Instagram Stories at Two: What Price Have We Paid for Recording Everything? - mgiannopoulos
https://www.esquire.com/uk/culture/a22588567/how-two-years-of-instagram-stories-has-altered-the-way-we-love-act-and-play/
======
clay_the_ripper
Social media and specifically Instagram stories has simply enabled a new mode
of living. Living used to be 1:1, now it can be 1:many. People who have
embraced this new way of living may seem incomprehensible to those who still
choose to live 1:1. As it has been, and will continue to be forever, people
who choose a new mode of living will be judged, ostracized and scrutinized but
those who don’t agree with their way of living.

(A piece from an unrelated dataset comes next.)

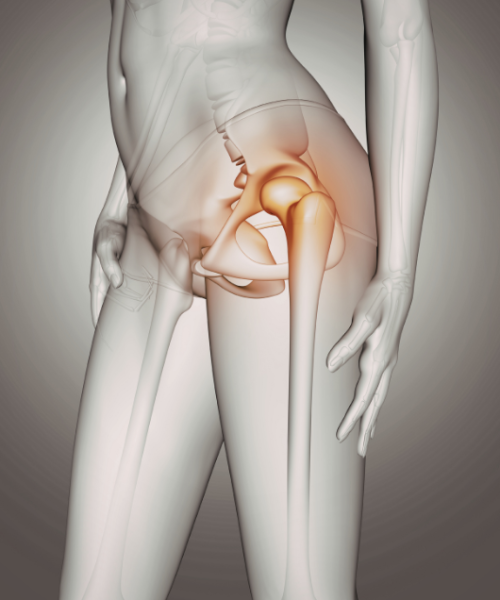 Sindrom pokanja v kolku-slika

I would argue this same judgement and confusion has persisted through history.
“Oh now women are showing their ankles how terrible” “oh now people don’t wear
dinner jackets to dinner, how horrible” “oh now teenagers are having sex, how
horrible” “oh now people have sex before marriage how horrible” “oh now people
watch tv instead of read how horrible” and on and on and on. Change is
inevitable. Before you start to judge how others choose to live, perhaps
examine your own viewpoints and biases.

Are these downsides to change? Yes. Can you ever stop it? No. I think it’s
easy to say “oh kids These days do _blank_ how horrible”. And articles like
this come along and selectively interview people to prove how horrible it is,
so we can all run around with our panties in a collective bunch about how
horrible everything is.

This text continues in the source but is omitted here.